One day, she saw a poor woman approach a shrine in the forest—one of the small, forgotten ones where no god had answered in years. The woman knelt, her clothes threadbare, her hands worn and cracked. She pulled bread from her sack—bread that looked like it might have been her only meal—and placed it on the altar. “Please,” the woman whispered. “My daughter is sick. The fever won’t break. Please. Anyone. Just… please.” She left the bread there and walked away, her shoulders bent with exhaustion and hope she couldn’t quite afford. The god of rage watched from the shadows. She could have ignored it. Should have ignored it. It was just one mortal. One fragile, fleeting thing. But something in the woman’s voice—the desperation, the love, the willingness to give up her own food for a chance, just a chance—made the rage quiet. Just for a moment. She stepped forward, shadows pooling around her feet, and looked at the bread on the altar. Then she reached into the space between things—the way Balance had taught her, though she’d never tried it before—and pulled. A small vial appeared in her hand, filled with liquid light, a healing potion woven from starfire and will. She could have left it on the altar. Could have let the woman find it and think the gods had answered. But something about that felt… wrong. This was her choice. Her first kindness. So instead, she followed the woman through the trees, silent as shadow, and when the woman stopped to rest against a tree, the god slipped the vial into her pocket. The woman never saw her. Never knew. But later, when she reached into her pocket for a handkerchief and found the vial instead, her gasp of wonder echoed through the forest.

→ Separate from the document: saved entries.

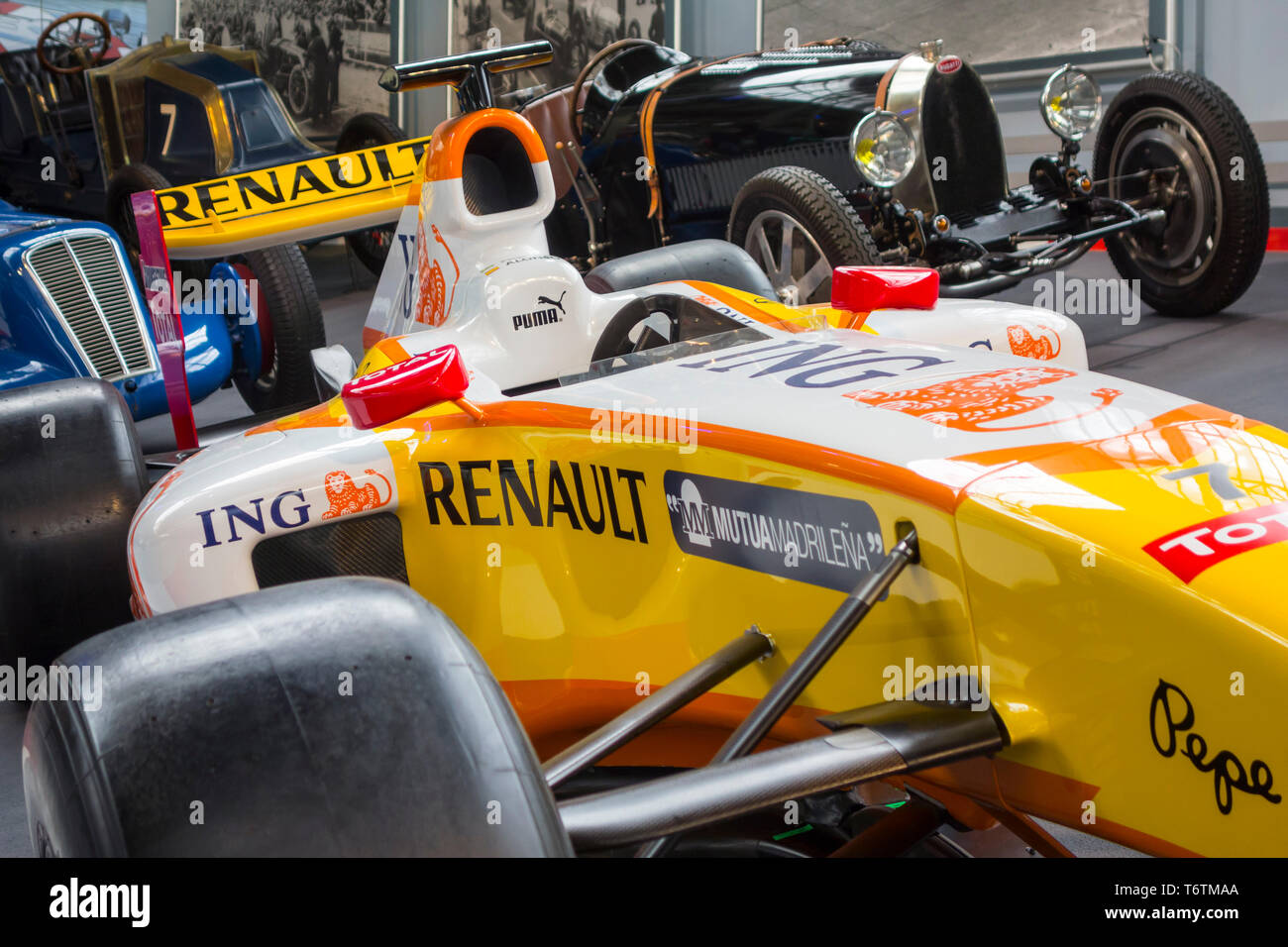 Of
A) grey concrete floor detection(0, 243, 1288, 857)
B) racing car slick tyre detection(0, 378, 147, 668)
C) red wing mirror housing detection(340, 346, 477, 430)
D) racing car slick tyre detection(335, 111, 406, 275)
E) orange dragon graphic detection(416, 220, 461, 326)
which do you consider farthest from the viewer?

The god of rage returned to her watching place and sat very still. Her hands were shaking. She didn’t know why. Then she noticed something on the stone beside her—a cookie. One of Balance’s cookies, still warm, as if it had just been baked. She picked it up slowly, looking around the empty forest. He wasn’t there. Of course he wasn’t. But he was watching. And he knew. A smile tugged at her lips—small, uncertain, but real. She ate the cookie. It tasted like approval.